Is All Well That Ends Well?
“What the fuck are you doing?” I screamed, not moving, still crouched on the floor half covering Matty and shaking, shaking uncontrollably.
A torch pierced the shadows, the beam of light crossing my head and stopping. “How many of you are up there?” The voice asked. “I’m calling the police.”
“Don’t do that,” I pleaded, trying to recover. “There’s just the two of us.”
“You better get down here boyo, where I can see you.”
Did I detect a hint of nervousness. We both got up slowly and I led the way downstairs, as we approached the man he moved back. Finally, standing side by side at the foot of the stairs we both looked at him and at the shotgun. We waited like that for what seemed an eternity, no one spoke, the light from his torch blinded me as he shone it first towards me then on Matty.
The darkness was disappearing replaced by the dawn’s light streaming in through the windows. No longer a shadow, it was clear he was not a man, but a boy probably only a few years older than me. Dressed in rough country clothes, with a woollen hat, he looked every bit a farmer’s son.
He leant the shotgun against the wall, which was a relief, and sort of diffused the situation, at least we weren’t going to get shot.
“What are doing here breaking into someone’s house?” I thought it was obvious, but I replied anyway.
“We just needed somewhere to spend the night.”
“Why here?” He wanted to know, not I suppose why this place, rather how we came to be here in the middle of nowhere.

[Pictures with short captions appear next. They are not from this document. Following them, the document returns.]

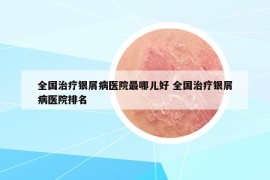全國治療銀屑病醫(yī)院最哪兒好 全國治療銀屑病醫(yī)院排名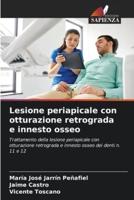 Lesione Periapicale Con Otturazione Retrograda E Innesto Osseo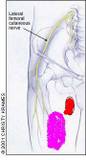 diagram of a human leg - This picture is used to illustrate the leg and muscle pain caused from restless leg symdrome.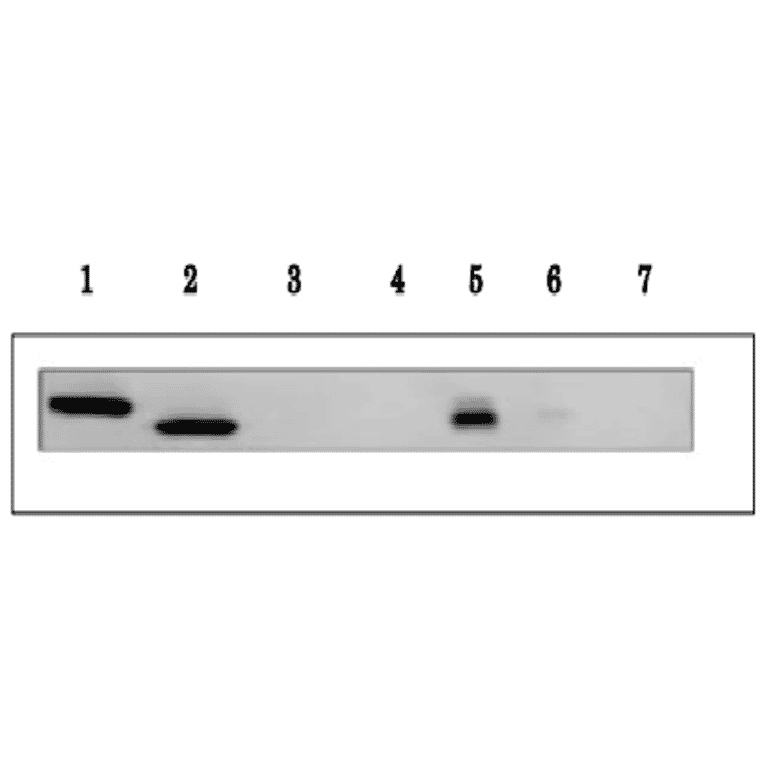 Detection of Arabidopsis Ferredoxin isoproteins, 1 and 2 by western blotting with anti- Ferredoxin-1 (maize) antibody.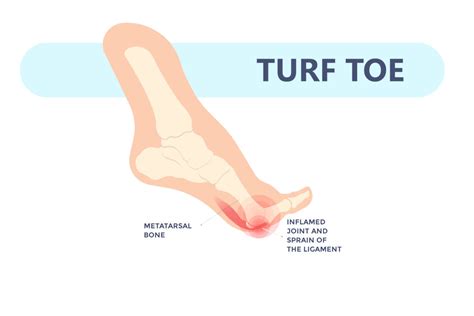 Turf Toe Pain In Bone: Turf Toe Surgery – WLWPUF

It was Matty who spoke up next, changing the conversation around completely. “Who are you?” He asked him.
“What’s that to you?”
“Well… you could have killed us with that stupid gun.” This was Matty getting into gear.
“It’s a shotgun idiot, and it wasn’t aimed at you.”
“It could have bounced off the walls and still killed us.”
“It’s a cartridge of pellets, they don’t bounce off the walls and anyway I fired out through the back door.”
“Why?” Matty asked.
“Dun know…” he paused. “To scare you I suppose.”
“What, in case we were gonna attack you. That’s stupid.”
“Yeah, alright. Maybe.”
Things had eased up with the conversation between us, but we were still standing facing each other, still kind of semi-confrontational. I asked to sit down and we ended up the three of us round the old wooden table on the only three chairs available. He was called Gareth and lived in the farmhouse over the hill, the one we saw on the way here, with the smoke coming out of the chimney.
I didn’t want to tell too much of our story, but Matty kind of rabbited on, maybe it wasn’t a bad thing as the feeling between the three of us became more friendly. I didn’t know though if I could trust him, I suppose it didn’t much matter, one thing was obvious, and that was we were runaways. Perhaps he was just scared when he found people in the house, after all he lived alone, he told us. It was his grandfather’s farm, but his ‘grand da’ as he called him, was in hospital, taken sick awhile ago and leaving him on his own to look after the sheep.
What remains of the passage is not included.